A marriage annulment is a specific legal proceeding designed to void a marriage union under exceptionally limited circumstances. As opposed to a divorce, which acknowledges the marriage and severs the legal relationship, an annulment operates to treat the marriage is if it never existed in the first place.
In one recent case out of Arizona, famed WNBA star Brittney Griner recently filed to annul her marriage to fellow WNBA star Glory Johnson – just 29 days after saying “I do.” The announcement comes amid rampant rumors of domestic violence and relational issues on both sides – and promises to take an even more interesting twist as Johnson recently announced her pregnancy on social media, prompting her to take a one-year hiatus from the professional sports arena.
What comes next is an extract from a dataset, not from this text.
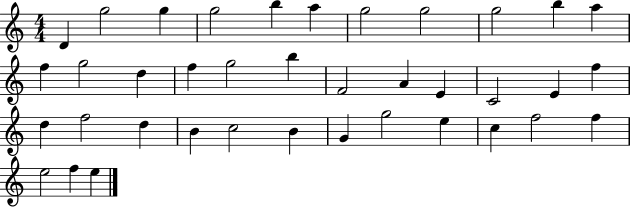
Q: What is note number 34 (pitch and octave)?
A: F5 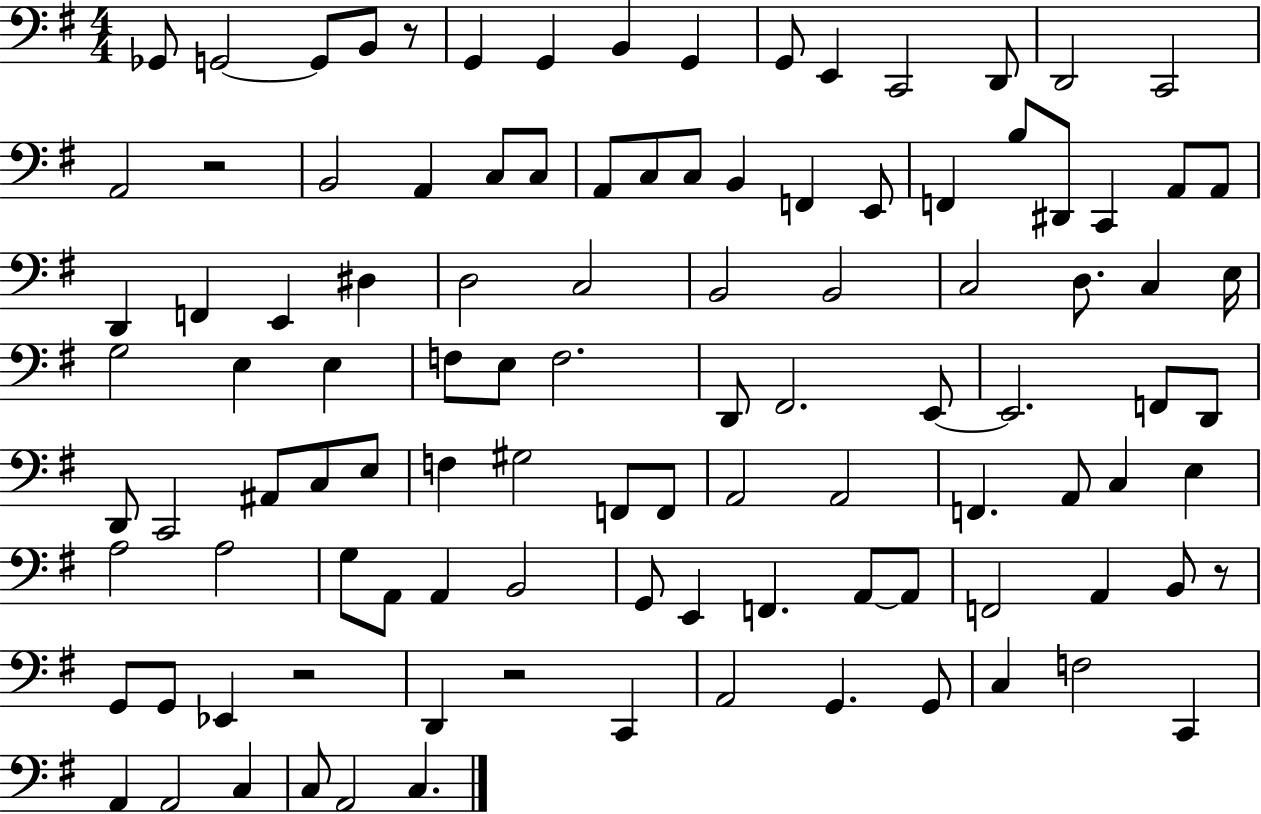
Gb2/e G2/h G2/e B2/e R/e G2/q G2/q B2/q G2/q G2/e E2/q C2/h D2/e D2/h C2/h A2/h R/h B2/h A2/q C3/e C3/e A2/e C3/e C3/e B2/q F2/q E2/e F2/q B3/e D#2/e C2/q A2/e A2/e D2/q F2/q E2/q D#3/q D3/h C3/h B2/h B2/h C3/h D3/e. C3/q E3/s G3/h E3/q E3/q F3/e E3/e F3/h. D2/e F#2/h. E2/e E2/h. F2/e D2/e D2/e C2/h A#2/e C3/e E3/e F3/q G#3/h F2/e F2/e A2/h A2/h F2/q. A2/e C3/q E3/q A3/h A3/h G3/e A2/e A2/q B2/h G2/e E2/q F2/q. A2/e A2/e F2/h A2/q B2/e R/e G2/e G2/e Eb2/q R/h D2/q R/h C2/q A2/h G2/q. G2/e C3/q F3/h C2/q A2/q A2/h C3/q C3/e A2/h C3/q.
But how (and why) are annulments granted in Arizona? And are the factors different than those required for a divorce (i.e., irreconcilable differences)? Below is an overview of this process under Arizona law, as well as what to do if you are considering a divorce or annulment of your own marriage.
Annulment Laws in Arizona
Under Section 25-301 of the Arizona Revised Statute, a superior court in the state may issue an annulment of a marriage if “the cause alleged constitutes an impediment rendering the marriage void.” In other words, an annulment-eligible marriage is one in which certain factors are present to render the marriage void in the first place, including potentially:
• Mental or physical incapacity
• Invalid marriage license
• Relationship by blood
• Failure to disclose concurrent marriage
• Duress or fraud
• Misrepresentation as to a material fact, including religious background
While it is unclear precisely which ground(s) the parties in the above-described matter will assert in their case, the fact that it lasted only 29 days will not affect whether or not the marriage is subject to annulment.